Jika kita perhatikan dengan lebih seksama,
polemik yang terjadi adalah akibat dari penerapan system kapitalisme dan
semuanya saling berkaitan. Dan inilah bukti kerusakan system Kapitalisme. Pada
satu sisi Moralitas diabaikan, agama
dibuang dari praktik kehidupan. Pada sisi yang lain, mereka menggembargemborkan
kesetaraan dan Hak Azasi Manusia untuk meraih kesejahteraan. Namun ternyata,
dibalik semua itu system ini tidak lain hanya mengutamakan kepentingan bisnis para pengusaha kelas kakap
dan elit politiknya, bagaimanapun caranya. Terlihat dari kejadian ini, meski
secara norma LGBT adalah sesuatu yang ditolak oleh masyarakat namun dengan slogan
kesetaraan dan HAM dijadikan tameng
utama oleh Negara untuk melindungi (baca : memelihara) mereka. Sehingga tidak heran ketika akhirnya
Negara menetapkan untuk pegawainya
sendiri anti LGBT, maka pihak-pihak yang mendukung LGBT dan kepentingan
bisnisnya sontak bereaksi menolak keputusan ini.
Kotor tak mau bersih tak bisa. Itulah yang terbayang dalam benak saya ketika menulis tulisan
ini. Negara ingin pegawainya bersih dari penyimpangan perilaku seksual, misalnya Kejaksaan Agung. Karena
profesi jaksa memiliki karakteristiknya sendiri, yang harus profesional,
tangguh, dan sigap. Hal itu ditambah dengan kewenangan jaksa dalam hal
penyidikan, penuntutan, hingga eksekusi. Kejagung khawatir akan terjadi hal
yang tidak diinginkan apabila jaksa memiliki "perbedaan" itu.

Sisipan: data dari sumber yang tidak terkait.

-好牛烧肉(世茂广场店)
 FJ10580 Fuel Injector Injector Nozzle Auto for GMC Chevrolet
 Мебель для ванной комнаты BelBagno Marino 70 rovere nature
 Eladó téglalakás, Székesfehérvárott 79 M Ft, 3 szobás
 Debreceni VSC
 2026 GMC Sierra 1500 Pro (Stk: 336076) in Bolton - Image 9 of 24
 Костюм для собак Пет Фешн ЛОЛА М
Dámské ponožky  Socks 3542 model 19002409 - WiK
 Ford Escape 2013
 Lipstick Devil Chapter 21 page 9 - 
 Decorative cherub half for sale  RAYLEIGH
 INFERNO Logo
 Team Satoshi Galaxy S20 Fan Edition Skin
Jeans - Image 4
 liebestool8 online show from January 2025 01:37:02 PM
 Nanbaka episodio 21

"Di setiap hari-harinya dia bergelut dengan para tahanan, para terpidana,
yang notabene berada dalam kekuasaannya. Ketika seorang jaksa mempunyai
'kelainan', kemungkinan akan terjadi hal yang tidak diinginkan. Selain itu, Mukri juga mengungkapkan bahwa
Kejaksaan Agung memiliki peraturan internal terkait ketentuan tersebut. Akan
tetapi, bersih pun Negara tak bisa. Karena ada pihak-pihak yang merasa
terggangu dengan kepentingannya. Maka apalagi yang diharapkan dari system
kapitalis ini?
Sebaliknya Islam
menjadikan akidah sebagai dasar/pijakan
pengaturan seluruh kehidupan manusia.
Sehingga menuntunnya menjadi Negara penjaga moralitas. Bukan sekedar
kompetensi yang diperhatikan melainkan individu yang memiliki akidah yang
benar, ibadah yang benar, muamalah yang sesuai syariah dan tentunya akhlak yang
baik menurut syariah. Tentu untuk
melahirkan individu semacam ini, Negara harus
menerapkan aturan islam sebagai pijakan/ukuran baik-buruk yang harus
diadopsi oleh semua pihak dan pemberlakuannya secara sempurna menjamin
terwujudnya persamaan hak dan keadilan. Misalnya,
dalam masalah calon pegawai (yang tidak memangku kebijakan Negara), dalam
system islam (dikutip dari kitab Aj Hizah/struktur negara khilafah), setiap
orang yang memiliki kewarganeganegaraan dan memenuhi kualifikasi kompetensi
maka dia boleh menjadi pegawai Negara. Baik muslim ataupun non muslim, baik
laki-laki ataupun perempuan, baik disabilitas ataupun non disabilitas. Semua
itu karena, posisi mereka hanyalah sebagai pegawai yang nantinya Negara akan
meng-ajir-nya (menggajinya). Namun tidak untuk LGBT, karena LGBT sendiri
merupakan kemaksiatan yang jelas-jelas bertentangan dengan hukum syara. Berbeda
dengan posisi yang memangku kebijakan Negara, maka untuk hal tersebut ada
criteria-kriteria tertentu. Sehingga Negara mempunyai wibawa dan karakteristik
yang khas, karena tidak akan terjadi ketimpangan seperti halnya nasib negeri
muslim yang menerapkan system kapitalisme.
Negara islam
bukanlah Negara corporate, yang hanya mementingkan bisnis semata.
Melainkan Negara islam adalah Negara yang mewujudkan setiap hukum-hukum islam
menjadi nyata sebagai aturan kehidupan kita baik secara individu,
lingkungan/masyarakat maupun kehidupan bernegara. Terwujudnya hak dan keadilan
semata-mata karena keserasian penerapan hukum islam disemua pihak.